Q:

What is the best way to go green and save money this winter?

What is the best way to go green and save money this winter? The Editors Santa Fe, New Mexico

Dec 30, 2008
Outside
Outside Magazine
A:

Just about any green steps you take around the home are going to save you money—but maybe the biggest one is installing proper insulation. It's not as sexy as putting up solar panels or a wind turbine, but it's true: You can instantly and cheaply lower your energy costs by up to one third through proper insulation and reducing drafts, according to the US Department of Energy.

Local utility companies often provide free energy audits—or they’ll know who can do it cheaply—to determine how energy efficient your home is, and what improvements should be made. Unfortunately, the demand for auditors is usually so high that if you call now, one probably won't knock on your door until spring.

So here are some do-it-yourself tips. First, grab some incense sticks. Then close all doors, windows, and fireplace dampers, turn on the bathroom exhaust fans, and turn off the furnace and water heater by flipping their circuit breakers. Hold a lit incense stick next to the electrical outlets, light switches, window frames, door frames, attic hatches, and window air conditioner units. If air is flowing through any of these spots, you'll detect it in the smoke—and you'll know where to apply insulation (made from natural fibers, of course), or caulk or weather stripping.

Next, head to the basement. One of the largest energy sucking areas is the wood portion of the wall that bridges the gap between the top of the concrete foundation and the basement ceiling. Stuff insulation into that gap, all along the perimeter walls.

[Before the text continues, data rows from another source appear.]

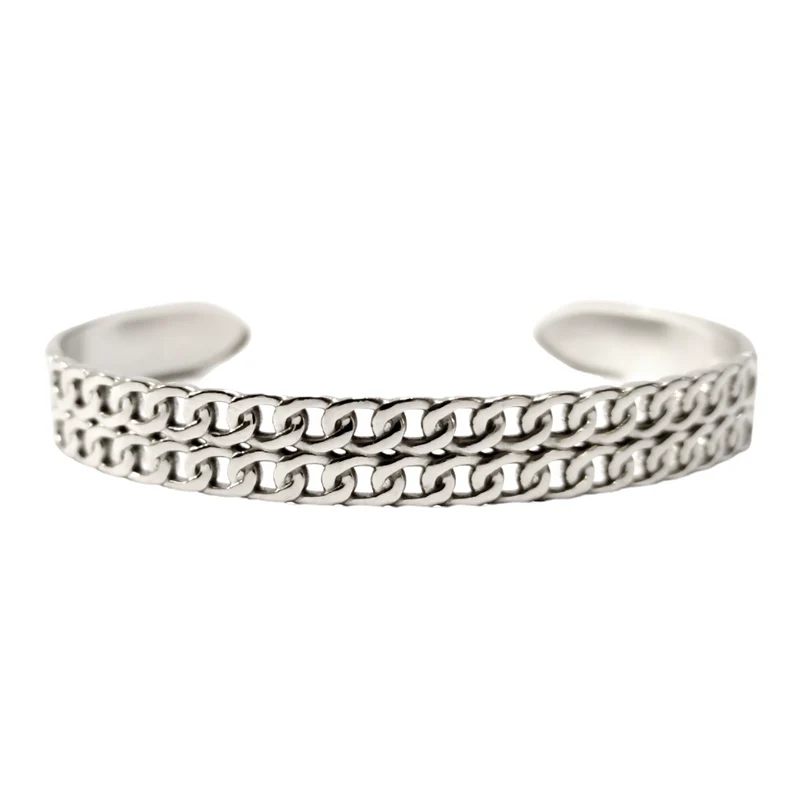 SODA - Bracciale rigido trama
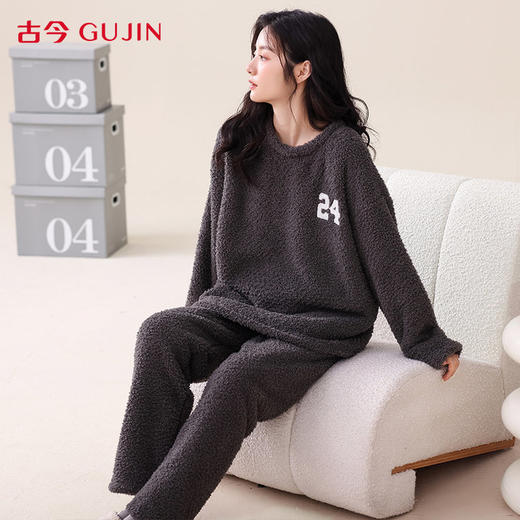 清仓特惠  古今半边绒高级面料家居服系列  男女款  A-5597 商品图0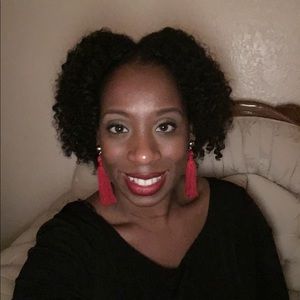 Meet your Posher, Regina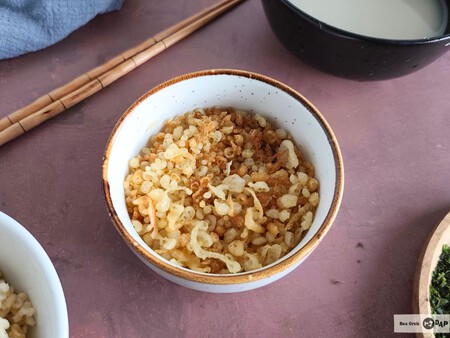 Qué es el tenkasu, cómo se hace las bolitas crujientes típicas de la cocina japonesa y en qué platos se usa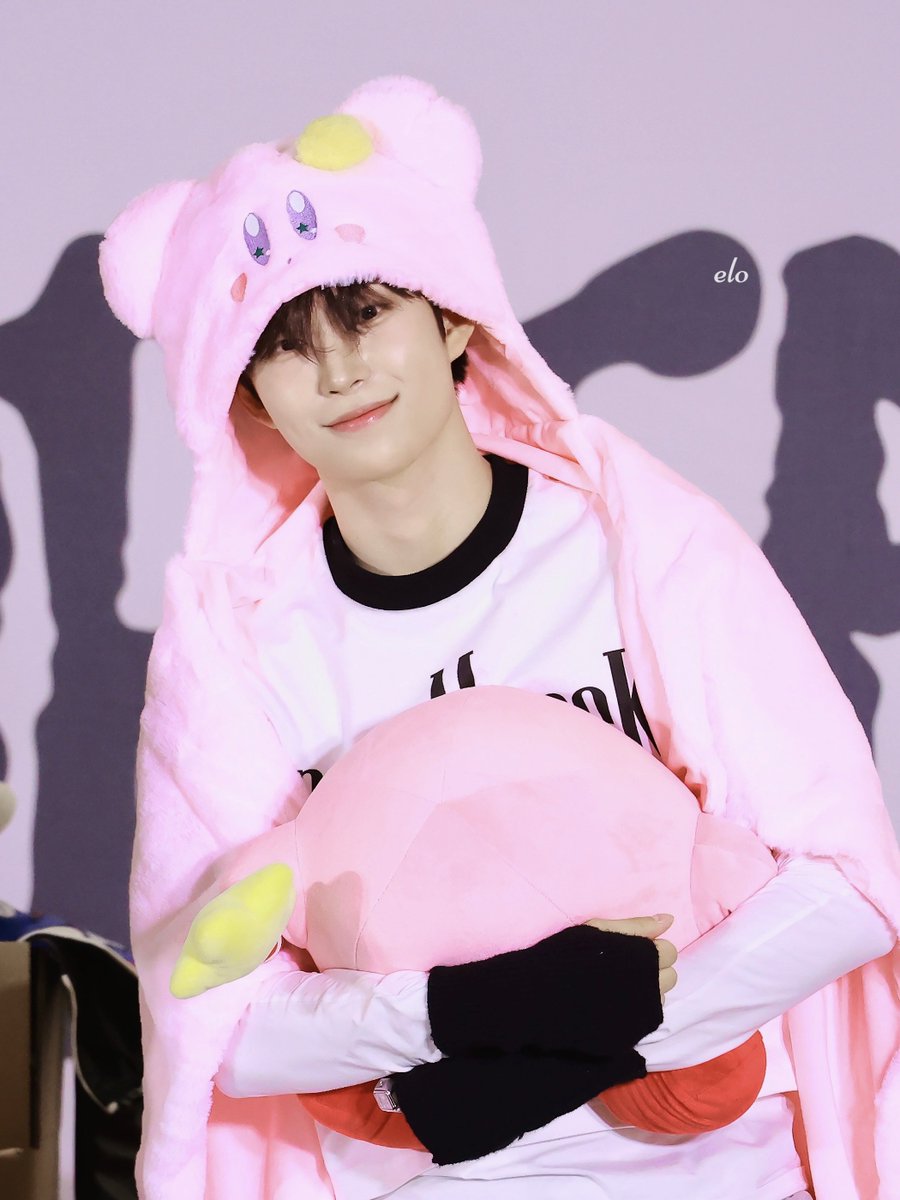 ๐๐๐ tweet media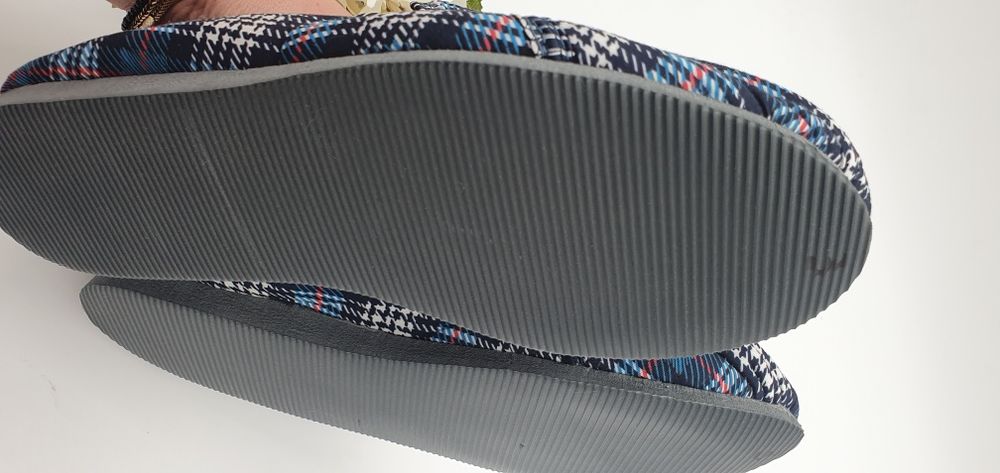 Bambosze papcie 43 lekkie gruba podeszwa 44,45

Finally, climb up to the attic. I'm assuming it's unfinished. There should be thick, dense insulation covering the floor. If there isn't, then hot air is billowing out of your house like a chimney. (Also, never insulate the attic ceiling. You need that buffer zone of air between the outside and the home's living area.) A private contractor can blow cellulose insulation on the floor for well under 50 cents per square foot, and you’ll make that money back in energy savings extremely fast. As for the solar panels and wind turbine, tackle that project in the summer.